» **What to work on**: Beginning with the line below that contains "秀人集.com_[XiuRe" and ending with the line that contains "2018 Toyota Prius - Image 3", copy every line exactly. Copy nothing else.

+ + + + +

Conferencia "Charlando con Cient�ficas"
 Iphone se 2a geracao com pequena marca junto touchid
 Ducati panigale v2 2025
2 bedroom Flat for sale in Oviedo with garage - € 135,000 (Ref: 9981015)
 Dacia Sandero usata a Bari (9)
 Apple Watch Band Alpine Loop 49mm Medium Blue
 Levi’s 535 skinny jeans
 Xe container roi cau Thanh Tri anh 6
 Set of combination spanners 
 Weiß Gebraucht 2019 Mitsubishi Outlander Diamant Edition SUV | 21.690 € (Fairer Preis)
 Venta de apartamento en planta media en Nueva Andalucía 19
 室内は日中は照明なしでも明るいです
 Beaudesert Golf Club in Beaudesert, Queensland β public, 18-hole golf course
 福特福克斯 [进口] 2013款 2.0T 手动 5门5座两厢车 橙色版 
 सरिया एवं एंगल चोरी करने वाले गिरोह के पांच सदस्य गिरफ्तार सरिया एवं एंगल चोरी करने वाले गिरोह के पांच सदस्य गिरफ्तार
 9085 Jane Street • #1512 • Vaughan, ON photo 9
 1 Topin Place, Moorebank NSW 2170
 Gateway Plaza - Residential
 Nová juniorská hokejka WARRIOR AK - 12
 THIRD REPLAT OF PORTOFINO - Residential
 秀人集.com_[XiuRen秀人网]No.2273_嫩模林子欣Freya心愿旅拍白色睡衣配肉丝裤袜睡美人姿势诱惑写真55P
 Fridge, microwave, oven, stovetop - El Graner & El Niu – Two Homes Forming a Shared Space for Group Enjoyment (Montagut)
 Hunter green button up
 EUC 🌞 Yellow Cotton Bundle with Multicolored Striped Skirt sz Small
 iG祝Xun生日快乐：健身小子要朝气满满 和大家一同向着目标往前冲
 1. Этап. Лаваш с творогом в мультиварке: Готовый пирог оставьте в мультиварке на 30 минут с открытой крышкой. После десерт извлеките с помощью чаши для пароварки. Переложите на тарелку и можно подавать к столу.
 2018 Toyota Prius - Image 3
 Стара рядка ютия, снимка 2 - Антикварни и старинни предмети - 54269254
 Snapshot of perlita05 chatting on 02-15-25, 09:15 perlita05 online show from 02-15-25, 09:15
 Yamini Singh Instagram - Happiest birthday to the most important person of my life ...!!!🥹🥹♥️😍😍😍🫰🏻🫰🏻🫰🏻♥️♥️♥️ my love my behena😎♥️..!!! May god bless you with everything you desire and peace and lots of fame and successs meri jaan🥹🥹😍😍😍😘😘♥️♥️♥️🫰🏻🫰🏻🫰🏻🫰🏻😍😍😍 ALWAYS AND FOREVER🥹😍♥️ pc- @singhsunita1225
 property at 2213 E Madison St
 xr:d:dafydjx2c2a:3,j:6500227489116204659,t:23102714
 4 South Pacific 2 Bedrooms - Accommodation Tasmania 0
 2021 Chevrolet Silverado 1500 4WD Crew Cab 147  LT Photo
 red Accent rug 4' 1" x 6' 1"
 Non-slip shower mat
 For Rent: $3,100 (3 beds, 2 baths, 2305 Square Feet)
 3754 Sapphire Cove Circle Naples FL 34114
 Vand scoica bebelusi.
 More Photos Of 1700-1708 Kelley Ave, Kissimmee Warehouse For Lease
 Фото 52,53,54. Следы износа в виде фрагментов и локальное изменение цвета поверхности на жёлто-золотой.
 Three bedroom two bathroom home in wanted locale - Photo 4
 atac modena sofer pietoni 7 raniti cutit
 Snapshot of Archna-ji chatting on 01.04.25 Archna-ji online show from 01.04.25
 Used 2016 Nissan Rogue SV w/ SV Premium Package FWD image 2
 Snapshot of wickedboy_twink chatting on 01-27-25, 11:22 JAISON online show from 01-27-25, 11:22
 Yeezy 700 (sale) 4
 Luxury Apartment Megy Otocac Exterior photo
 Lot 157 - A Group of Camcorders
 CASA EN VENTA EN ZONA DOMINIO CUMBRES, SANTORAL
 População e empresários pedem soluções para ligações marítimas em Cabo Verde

+ + + + +

» **Response**:
 秀人集.com_[XiuRen秀人网]No.2273_嫩模林子欣Freya心愿旅拍白色睡衣配肉丝裤袜睡美人姿势诱惑写真55P
 Fridge, microwave, oven, stovetop - El Graner & El Niu – Two Homes Forming a Shared Space for Group Enjoyment (Montagut)
 Hunter green button up
 EUC 🌞 Yellow Cotton Bundle with Multicolored Striped Skirt sz Small
 iG祝Xun生日快乐：健身小子要朝气满满 和大家一同向着目标往前冲
 1. Этап. Лаваш с творогом в мультиварке: Готовый пирог оставьте в мультиварке на 30 минут с открытой крышкой. После десерт извлеките с помощью чаши для пароварки. Переложите на тарелку и можно подавать к столу.
 2018 Toyota Prius - Image 3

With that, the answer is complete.